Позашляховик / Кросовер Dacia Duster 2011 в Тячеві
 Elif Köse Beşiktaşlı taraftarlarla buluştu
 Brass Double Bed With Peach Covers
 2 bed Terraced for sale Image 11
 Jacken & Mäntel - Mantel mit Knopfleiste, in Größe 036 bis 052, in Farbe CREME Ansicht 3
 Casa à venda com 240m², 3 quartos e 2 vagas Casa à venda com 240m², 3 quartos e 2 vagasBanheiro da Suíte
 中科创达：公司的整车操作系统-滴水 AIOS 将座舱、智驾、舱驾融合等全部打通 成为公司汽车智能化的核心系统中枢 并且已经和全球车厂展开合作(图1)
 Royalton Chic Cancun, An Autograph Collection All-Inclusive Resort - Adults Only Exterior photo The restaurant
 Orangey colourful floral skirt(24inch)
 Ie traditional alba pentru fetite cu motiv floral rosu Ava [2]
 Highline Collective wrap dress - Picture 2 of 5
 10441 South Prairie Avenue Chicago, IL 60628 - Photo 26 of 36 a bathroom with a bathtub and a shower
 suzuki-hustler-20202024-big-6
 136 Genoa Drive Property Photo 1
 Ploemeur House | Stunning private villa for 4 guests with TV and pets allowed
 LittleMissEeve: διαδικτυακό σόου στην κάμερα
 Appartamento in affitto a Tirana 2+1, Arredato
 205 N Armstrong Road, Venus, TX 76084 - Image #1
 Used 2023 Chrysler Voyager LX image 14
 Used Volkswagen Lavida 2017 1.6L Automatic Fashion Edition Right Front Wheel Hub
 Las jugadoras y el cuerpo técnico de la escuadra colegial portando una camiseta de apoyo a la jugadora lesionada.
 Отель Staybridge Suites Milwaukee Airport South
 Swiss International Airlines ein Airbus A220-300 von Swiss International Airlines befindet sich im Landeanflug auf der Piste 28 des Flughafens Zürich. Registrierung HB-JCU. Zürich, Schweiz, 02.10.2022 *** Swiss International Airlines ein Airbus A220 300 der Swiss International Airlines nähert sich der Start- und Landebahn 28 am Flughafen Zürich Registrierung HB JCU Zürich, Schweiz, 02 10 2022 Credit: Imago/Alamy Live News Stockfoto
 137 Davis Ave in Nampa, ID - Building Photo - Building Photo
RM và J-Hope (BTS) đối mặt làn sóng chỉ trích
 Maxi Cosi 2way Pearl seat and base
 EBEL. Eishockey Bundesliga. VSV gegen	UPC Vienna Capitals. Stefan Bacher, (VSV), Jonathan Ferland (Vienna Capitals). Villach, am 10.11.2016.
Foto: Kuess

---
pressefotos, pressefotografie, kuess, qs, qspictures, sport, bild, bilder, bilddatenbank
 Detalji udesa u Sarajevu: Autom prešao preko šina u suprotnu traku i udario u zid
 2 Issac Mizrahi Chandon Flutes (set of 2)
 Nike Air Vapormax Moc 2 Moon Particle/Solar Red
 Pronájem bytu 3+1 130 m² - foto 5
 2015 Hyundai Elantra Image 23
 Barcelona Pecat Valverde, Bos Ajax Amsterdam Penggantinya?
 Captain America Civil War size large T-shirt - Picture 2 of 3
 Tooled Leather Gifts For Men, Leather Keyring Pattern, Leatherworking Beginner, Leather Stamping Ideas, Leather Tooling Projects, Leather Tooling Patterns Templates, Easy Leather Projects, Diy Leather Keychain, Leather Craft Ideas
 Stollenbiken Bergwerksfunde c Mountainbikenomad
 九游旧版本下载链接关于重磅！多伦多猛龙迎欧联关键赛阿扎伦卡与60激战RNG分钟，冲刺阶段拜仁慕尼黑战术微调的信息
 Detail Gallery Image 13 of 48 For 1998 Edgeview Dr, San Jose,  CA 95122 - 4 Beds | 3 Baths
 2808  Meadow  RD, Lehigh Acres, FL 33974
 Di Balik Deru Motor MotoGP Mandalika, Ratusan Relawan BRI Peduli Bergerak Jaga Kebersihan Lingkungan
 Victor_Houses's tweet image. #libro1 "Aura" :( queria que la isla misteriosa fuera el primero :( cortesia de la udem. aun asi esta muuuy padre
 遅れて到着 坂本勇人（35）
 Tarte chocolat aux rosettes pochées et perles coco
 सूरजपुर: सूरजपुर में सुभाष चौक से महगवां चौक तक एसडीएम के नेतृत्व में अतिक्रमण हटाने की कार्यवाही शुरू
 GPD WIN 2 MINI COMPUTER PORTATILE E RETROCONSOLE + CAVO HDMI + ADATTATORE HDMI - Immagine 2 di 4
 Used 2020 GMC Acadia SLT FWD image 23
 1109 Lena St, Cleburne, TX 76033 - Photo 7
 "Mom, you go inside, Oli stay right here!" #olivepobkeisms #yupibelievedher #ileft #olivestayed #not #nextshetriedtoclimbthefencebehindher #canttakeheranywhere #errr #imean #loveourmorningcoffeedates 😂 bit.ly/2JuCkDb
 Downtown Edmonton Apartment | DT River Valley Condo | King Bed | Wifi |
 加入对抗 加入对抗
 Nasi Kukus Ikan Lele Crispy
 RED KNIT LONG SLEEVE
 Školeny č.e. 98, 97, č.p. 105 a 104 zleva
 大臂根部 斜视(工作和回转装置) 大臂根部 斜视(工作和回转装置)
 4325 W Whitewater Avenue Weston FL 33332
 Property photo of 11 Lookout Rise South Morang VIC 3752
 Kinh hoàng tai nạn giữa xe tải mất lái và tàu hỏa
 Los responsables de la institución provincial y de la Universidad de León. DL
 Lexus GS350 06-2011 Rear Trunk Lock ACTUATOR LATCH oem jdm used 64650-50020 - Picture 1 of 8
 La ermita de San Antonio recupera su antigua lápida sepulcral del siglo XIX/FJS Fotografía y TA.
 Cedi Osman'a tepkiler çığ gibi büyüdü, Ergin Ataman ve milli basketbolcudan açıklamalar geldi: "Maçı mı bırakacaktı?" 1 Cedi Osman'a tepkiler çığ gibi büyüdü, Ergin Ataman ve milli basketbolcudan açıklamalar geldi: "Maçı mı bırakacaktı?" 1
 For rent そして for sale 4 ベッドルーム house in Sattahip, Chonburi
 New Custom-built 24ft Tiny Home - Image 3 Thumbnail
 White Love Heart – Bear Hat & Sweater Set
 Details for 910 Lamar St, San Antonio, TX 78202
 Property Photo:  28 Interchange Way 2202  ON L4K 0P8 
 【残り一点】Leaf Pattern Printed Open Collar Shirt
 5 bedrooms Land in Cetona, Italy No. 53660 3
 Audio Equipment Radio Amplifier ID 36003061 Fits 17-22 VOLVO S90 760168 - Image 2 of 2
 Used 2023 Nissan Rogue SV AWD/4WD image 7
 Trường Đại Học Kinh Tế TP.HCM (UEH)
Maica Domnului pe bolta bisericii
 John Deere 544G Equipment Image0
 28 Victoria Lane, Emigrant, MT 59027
§ §
## Exercise directions
Write out the listing above, keeping every word exactly.

## Response area
Позашляховик / Кросовер Dacia Duster 2011 в Тячеві
 Elif Köse Beşiktaşlı taraftarlarla buluştu
 Brass Double Bed With Peach Covers
 2 bed Terraced for sale Image 11
 Jacken & Mäntel - Mantel mit Knopfleiste, in Größe 036 bis 052, in Farbe CREME Ansicht 3
 Casa à venda com 240m², 3 quartos e 2 vagas Casa à venda com 240m², 3 quartos e 2 vagasBanheiro da Suíte
 中科创达：公司的整车操作系统-滴水 AIOS 将座舱、智驾、舱驾融合等全部打通 成为公司汽车智能化的核心系统中枢 并且已经和全球车厂展开合作(图1)
 Royalton Chic Cancun, An Autograph Collection All-Inclusive Resort - Adults Only Exterior photo The restaurant
 Orangey colourful floral skirt(24inch)
 Ie traditional alba pentru fetite cu motiv floral rosu Ava [2]
 Highline Collective wrap dress - Picture 2 of 5
 10441 South Prairie Avenue Chicago, IL 60628 - Photo 26 of 36 a bathroom with a bathtub and a shower
 suzuki-hustler-20202024-big-6
 136 Genoa Drive Property Photo 1
 Ploemeur House | Stunning private villa for 4 guests with TV and pets allowed
 LittleMissEeve: διαδικτυακό σόου στην κάμερα
 Appartamento in affitto a Tirana 2+1, Arredato
 205 N Armstrong Road, Venus, TX 76084 - Image #1
 Used 2023 Chrysler Voyager LX image 14
 Used Volkswagen Lavida 2017 1.6L Automatic Fashion Edition Right Front Wheel Hub
 Las jugadoras y el cuerpo técnico de la escuadra colegial portando una camiseta de apoyo a la jugadora lesionada.
 Отель Staybridge Suites Milwaukee Airport South
 Swiss International Airlines ein Airbus A220-300 von Swiss International Airlines befindet sich im Landeanflug auf der Piste 28 des Flughafens Zürich. Registrierung HB-JCU. Zürich, Schweiz, 02.10.2022 *** Swiss International Airlines ein Airbus A220 300 der Swiss International Airlines nähert sich der Start- und Landebahn 28 am Flughafen Zürich Registrierung HB JCU Zürich, Schweiz, 02 10 2022 Credit: Imago/Alamy Live News Stockfoto
 137 Davis Ave in Nampa, ID - Building Photo - Building Photo
RM và J-Hope (BTS) đối mặt làn sóng chỉ trích
 Maxi Cosi 2way Pearl seat and base
 EBEL. Eishockey Bundesliga. VSV gegen	UPC Vienna Capitals. Stefan Bacher, (VSV), Jonathan Ferland (Vienna Capitals). Villach, am 10.11.2016.
Foto: Kuess

---
pressefotos, pressefotografie, kuess, qs, qspictures, sport, bild, bilder, bilddatenbank
 Detalji udesa u Sarajevu: Autom prešao preko šina u suprotnu traku i udario u zid
 2 Issac Mizrahi Chandon Flutes (set of 2)
 Nike Air Vapormax Moc 2 Moon Particle/Solar Red
 Pronájem bytu 3+1 130 m² - foto 5
 2015 Hyundai Elantra Image 23
 Barcelona Pecat Valverde, Bos Ajax Amsterdam Penggantinya?
 Captain America Civil War size large T-shirt - Picture 2 of 3
 Tooled Leather Gifts For Men, Leather Keyring Pattern, Leatherworking Beginner, Leather Stamping Ideas, Leather Tooling Projects, Leather Tooling Patterns Templates, Easy Leather Projects, Diy Leather Keychain, Leather Craft Ideas
 Stollenbiken Bergwerksfunde c Mountainbikenomad
 九游旧版本下载链接关于重磅！多伦多猛龙迎欧联关键赛阿扎伦卡与60激战RNG分钟，冲刺阶段拜仁慕尼黑战术微调的信息
 Detail Gallery Image 13 of 48 For 1998 Edgeview Dr, San Jose,  CA 95122 - 4 Beds | 3 Baths
 2808  Meadow  RD, Lehigh Acres, FL 33974
 Di Balik Deru Motor MotoGP Mandalika, Ratusan Relawan BRI Peduli Bergerak Jaga Kebersihan Lingkungan
 Victor_Houses's tweet image. #libro1 "Aura" :( queria que la isla misteriosa fuera el primero :( cortesia de la udem. aun asi esta muuuy padre
 遅れて到着 坂本勇人（35）
 Tarte chocolat aux rosettes pochées et perles coco
 सूरजपुर: सूरजपुर में सुभाष चौक से महगवां चौक तक एसडीएम के नेतृत्व में अतिक्रमण हटाने की कार्यवाही शुरू
 GPD WIN 2 MINI COMPUTER PORTATILE E RETROCONSOLE + CAVO HDMI + ADATTATORE HDMI - Immagine 2 di 4
 Used 2020 GMC Acadia SLT FWD image 23
 1109 Lena St, Cleburne, TX 76033 - Photo 7
 "Mom, you go inside, Oli stay right here!" #olivepobkeisms #yupibelievedher #ileft #olivestayed #not #nextshetriedtoclimbthefencebehindher #canttakeheranywhere #errr #imean #loveourmorningcoffeedates 😂 bit.ly/2JuCkDb
 Downtown Edmonton Apartment | DT River Valley Condo | King Bed | Wifi |
 加入对抗 加入对抗
 Nasi Kukus Ikan Lele Crispy
 RED KNIT LONG SLEEVE
 Školeny č.e. 98, 97, č.p. 105 a 104 zleva
 大臂根部 斜视(工作和回转装置) 大臂根部 斜视(工作和回转装置)
 4325 W Whitewater Avenue Weston FL 33332
 Property photo of 11 Lookout Rise South Morang VIC 3752
 Kinh hoàng tai nạn giữa xe tải mất lái và tàu hỏa
 Los responsables de la institución provincial y de la Universidad de León. DL
 Lexus GS350 06-2011 Rear Trunk Lock ACTUATOR LATCH oem jdm used 64650-50020 - Picture 1 of 8
 La ermita de San Antonio recupera su antigua lápida sepulcral del siglo XIX/FJS Fotografía y TA.
 Cedi Osman'a tepkiler çığ gibi büyüdü, Ergin Ataman ve milli basketbolcudan açıklamalar geldi: "Maçı mı bırakacaktı?" 1 Cedi Osman'a tepkiler çığ gibi büyüdü, Ergin Ataman ve milli basketbolcudan açıklamalar geldi: "Maçı mı bırakacaktı?" 1
 For rent そして for sale 4 ベッドルーム house in Sattahip, Chonburi
 New Custom-built 24ft Tiny Home - Image 3 Thumbnail
 White Love Heart – Bear Hat & Sweater Set
 Details for 910 Lamar St, San Antonio, TX 78202
 Property Photo:  28 Interchange Way 2202  ON L4K 0P8 
 【残り一点】Leaf Pattern Printed Open Collar Shirt
 5 bedrooms Land in Cetona, Italy No. 53660 3
 Audio Equipment Radio Amplifier ID 36003061 Fits 17-22 VOLVO S90 760168 - Image 2 of 2
 Used 2023 Nissan Rogue SV AWD/4WD image 7
 Trường Đại Học Kinh Tế TP.HCM (UEH)
Maica Domnului pe bolta bisericii
 John Deere 544G Equipment Image0
 28 Victoria Lane, Emigrant, MT 59027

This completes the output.